Nonlft[i*Ny+j][0] = -Q2[i*Ny+j]*(Nonlft[i*Ny+j][0] -dhft[i*Ny+j][0]);
Nonlft[i*Ny+j][1] = -Q2[i*Ny+j]*(Nonlft[i*Ny+j][1] -dhft[i*Ny+j][1]);
De toute évidence, calculer Nonlft
comme dh
^ 3 -dh
puis faire
Nonlft[i*Ny+j][0] = -Q2[i*Ny+j]* Nonlft[i*Ny+j][0];
Nonlft[i*Ny+j][1] = -Q2[i*Ny+j]* Nonlft[i*Ny+j][1];
Évité le problème de faire cette somme "mixte".
Ouf ... un tel soulagement! J'aimerais pouvoir m'attribuer la prime! : P
EDIT: Je voudrais ajouter cela, avant d'utiliser le fftw_plan_dft_2d
fonctions, j'utilisais fftw_plan_dft_r2c_2d
et fftw_plan_dft_c2r_2d
(du réel au complexe et du complexe au réel), et je voyais le même bogue.

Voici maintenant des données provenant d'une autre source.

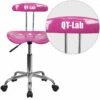 Personalized Vibrant Candy Heart And Chrome Swivel Task Chair With Tractor Seat - By Flash Furniture - Madison Seating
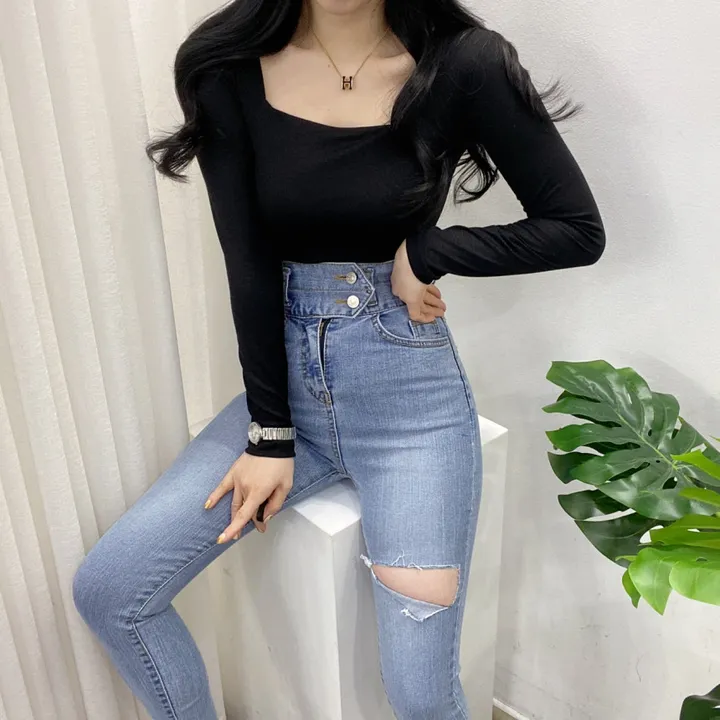 🚀당일발송🚀[묶음할인/기본템] 봄 가을 알프 셀리 스퀘어넥 긴팔 티셔츠 이너티 상세 이미지 55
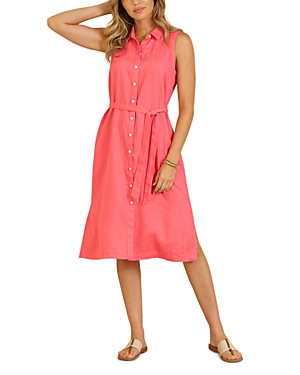 Tommy Bahama Tommy Bahaha Two Palms Linen Shirtdress In Pure Coral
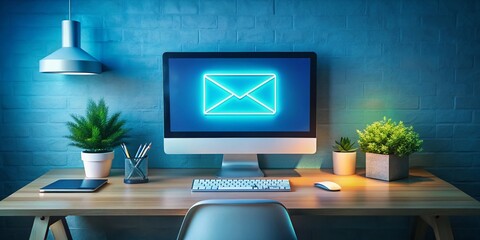 Aerial View of Computer with Email Envelope Symbol Representing Digital Communication and Connectivity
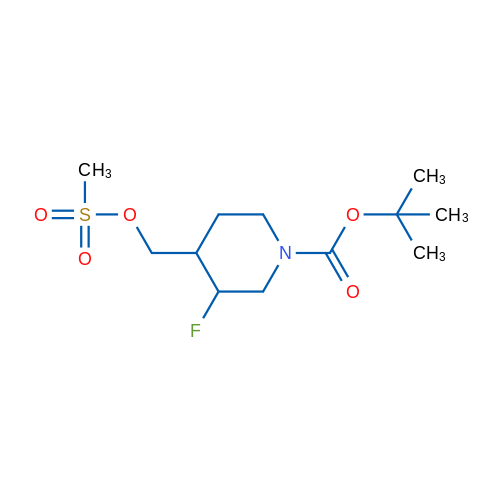 tert-Butyl 3-fluoro-4-((methylsulfonyloxy)methyl)piperidine-1-carboxylate 1g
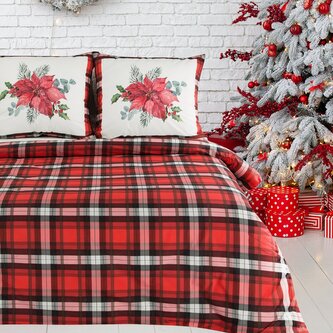 Vánoční bavlněné povlečení ROSETTE 1x 220x200 cm, 2x povlak 70x80 cm francouzské povlečení MyBestHome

Cependant, je suppose que je n'aurais pas pu le résoudre si je ne suis pas passé à fftw_plan_dft_2d
, puisque le c2r
la fonction "coupe" automatiquement la partie imaginaire résiduelle provenant de l'IFT. Si tel est le cas et que je ne manque rien, je pense que cela devrait être écrit quelque part sur le site Web de la FFTW, pour empêcher les utilisateurs de rencontrer des problèmes comme celui-ci. Quelque chose comme "r2c
et c2r
les transformations ne sont pas bonnes pour implémenter des méthodes pseudospectrales ".
EDIT: J'ai trouvé n autre SO question qui résout exactement le même problème.